▶ _Dataset extract_

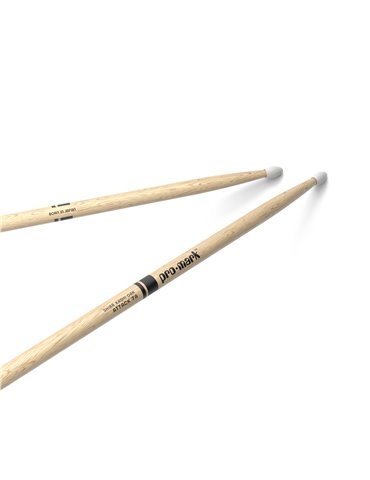 Baquetas ProMark Classic Attack 7A, Roble Shira Kashi con punta ovalada de nailon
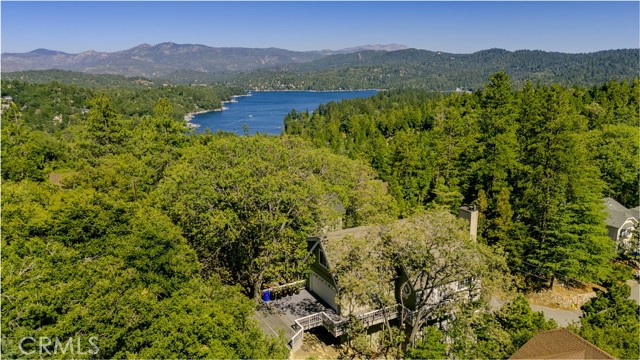 Property photo of 915 Breithorn DR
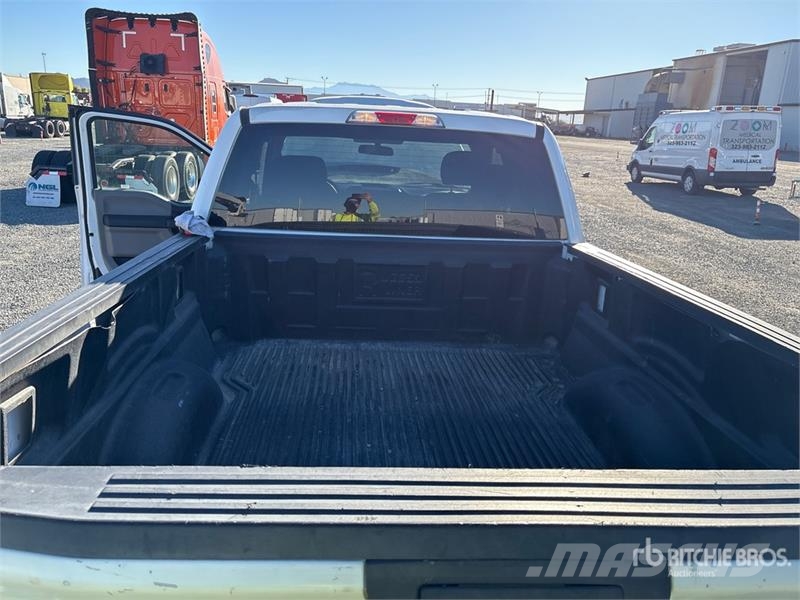 Ford F-150 XL 4x2 Extended Cab Pickup Drugi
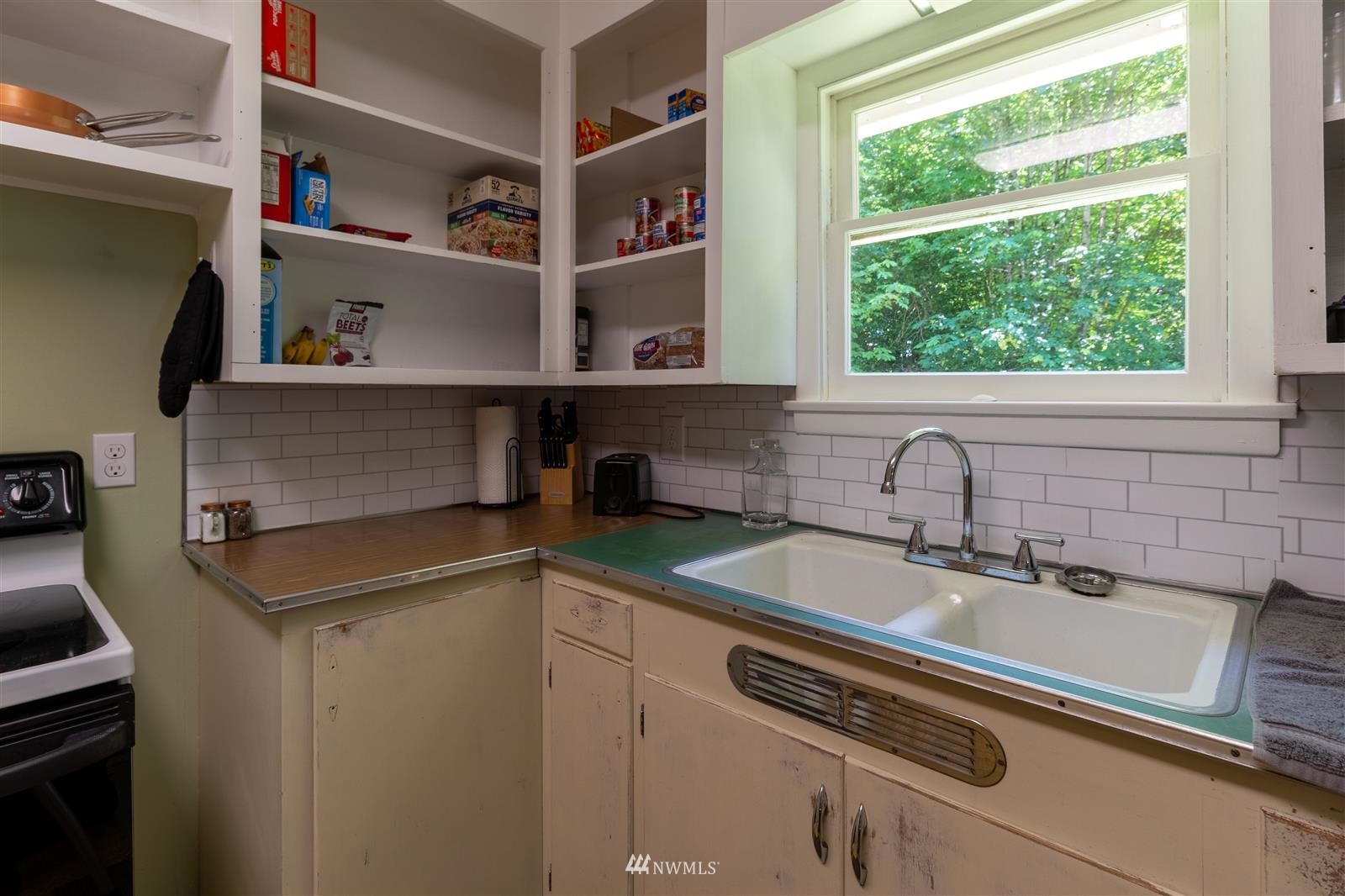 941 Silverbrook Road Randle, WA 98377 - Photo 9 of 34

▶ _What you have to do_
The data is to be printed again exactly, but without its pictures.

▶ _Solution for this problem_
 Baquetas ProMark Classic Attack 7A, Roble Shira Kashi con punta ovalada de nailon
 Property photo of 915 Breithorn DR
 Ford F-150 XL 4x2 Extended Cab Pickup Drugi
 941 Silverbrook Road Randle, WA 98377 - Photo 9 of 34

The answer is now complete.